Ainsi, notre cerveau privilégie le partage par la nature même de son système, ce qui signifie de profondes implications pour les processus créatifs. A chaque fois que vous avez l’intention de créer, il vous sera plus aisé de générer des idées plus créatives si vous conservez à l’esprit la notion de processus de partage. Le processus de formation des idées n’est pas linéaire, mais ressemble plus à une avalanche d’amplifications le long d”un chemin de réflexion. Il se déplace avec le momentum d’une boule de neige créative. Si votre système cognitif interne encourage le partage, vous pouvez alors construire une boucle de rétroaction de bonheur, qui vous aidera à son tour à générer d’autant plus d’idées. C’est une sorte d’effet papillon, où la petite quantité d’énergie créative que vous aurez dépensé vous rendra, vous et le monde , plus créatifs.

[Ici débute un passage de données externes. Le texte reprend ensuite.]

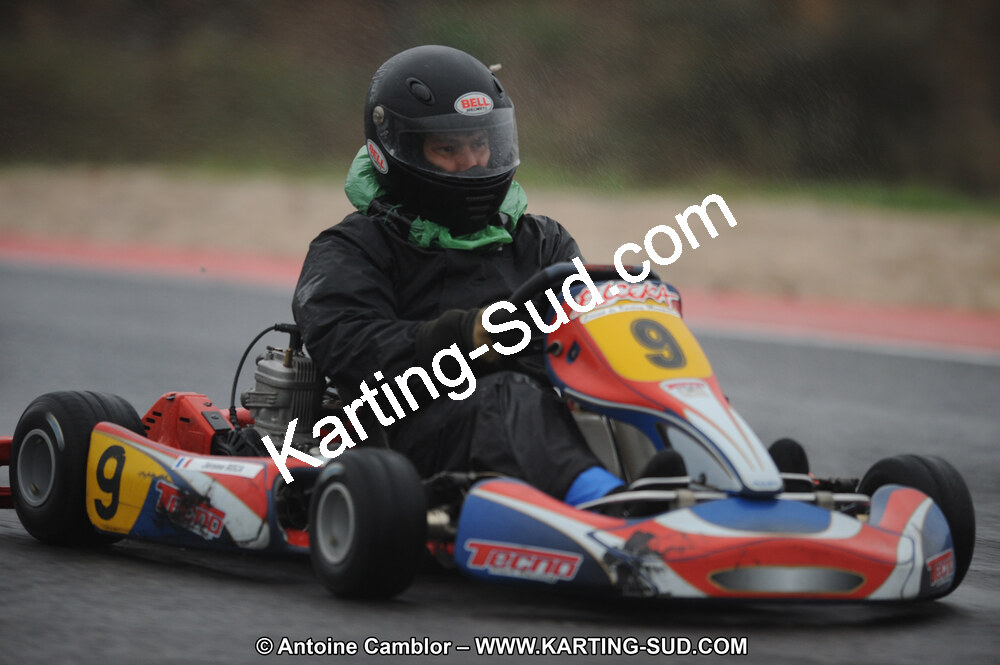 27/03/2011 : Rencontres Elceka à Grabels (Photos Antoine Camblor) 2011 — karting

Cependant, les décisions prises au quotidien par la plupart des adultes ont une créativité plutôt faible, seulement parce qu’ils ont désactivé leurs chemins de partage. Les gens aiment en général partager ce qu’ils créent, mais dans une culture qui leur enjoint de protéger leurs idées, les gens deviennent convaincus du danger du partage. Le sens du partage est alors affaibli dans leur esprit et découragé au sein de leur société. Mais si nous pouvons encourager une personne à partager, alors ses chemins de partage resteront ouverts. L’esprit de partage restera en mémoire dans son esprit, tel un instinct. Si elle rencontre au futur une situation de choix créatif, son choix sera : « Partage ».

Ces déclics de l’esprit sont trop subtils pour être perçus. Mais du fait que le cerveau,et la société, sont des systèmes connectés, l’accumulation de ces micro-attitudes, de neurone en neurone, et d’individu en individu, peut aboutir à un comportement manifeste. Il est aisé de pouvoir dire si une personne, un groupe, une entreprise, une nation sont enclins au partage ou pas. Pour ceux qui ne le sont pas , ce qu’ils défendent comme « biens culturels » et « propriété intellectuelle » ne sont que des excuses pour le statu quo gardant une communauté fermée. Une grande partie de leur « culture » sera protégée, mais le résultat net consiste en la perte directe de bien des précieuses idées, et dans la perte subséquente de tous les gains potentiels de leur partage. Cette connaissance perdue est un trou noir dans nos vies, qui pourrait bien avaler d’autres valeurs également.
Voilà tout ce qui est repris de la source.